Table-driven tests work well for functions that map inputs to expected outputs:

```rust
#[test]
fn test_bash_token_styles() {
    let cases = [
        ("function", AnsiColor::Blue),
        ("keyword", AnsiColor::Magenta),
        ("string", AnsiColor::Green),
    ];
    for (name, expected) in cases {
        let style = bash_token_style(name).expect(name);
        assert_eq!(style.get_fg_color(), Some(Color::Ansi(expected)), "{name}");
    }
}
```

### Don't test constructors or dependencies

Tests that verify `Style::new().bold()` produces a bold style, or that
`StyledString::raw("x")` stores `"x"`, are testing the dependency — not our
code. Delete these. Test the behavior that uses these types instead.

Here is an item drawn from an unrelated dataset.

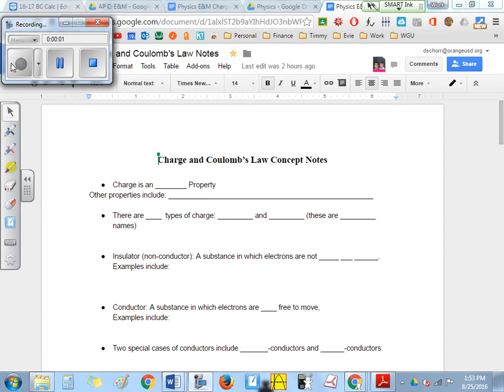Welcome to our first concept lesson. Today's lesson is charge and Coulomb's Law. Today we're not doing a lot of math — that's tomorrow's lesson where we just do example after example.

## Deterministic Time in Tests

Tests use `TEST_EPOCH` (2025-01-01) for reproducible timestamps. The constant is defined in `tests/common/mod.rs` and automatically set as `WORKTRUNK_TEST_EPOCH` in the test environment.

**For test data with timestamps** (cache entries, etc.), use the constant:

```rust
use crate::common::TEST_EPOCH;

repo.run_git(&[
    "config", "worktrunk.state.feature.ci-status",
    &format!(r#"{{"checked_at":{TEST_EPOCH},"head":"abc123"}}"#),
]);
```

**For production code** that needs timestamps, use `worktrunk::utils::epoch_now()` which respects `WORKTRUNK_TEST_EPOCH`. Using `SystemTime::now()` directly causes flaky tests.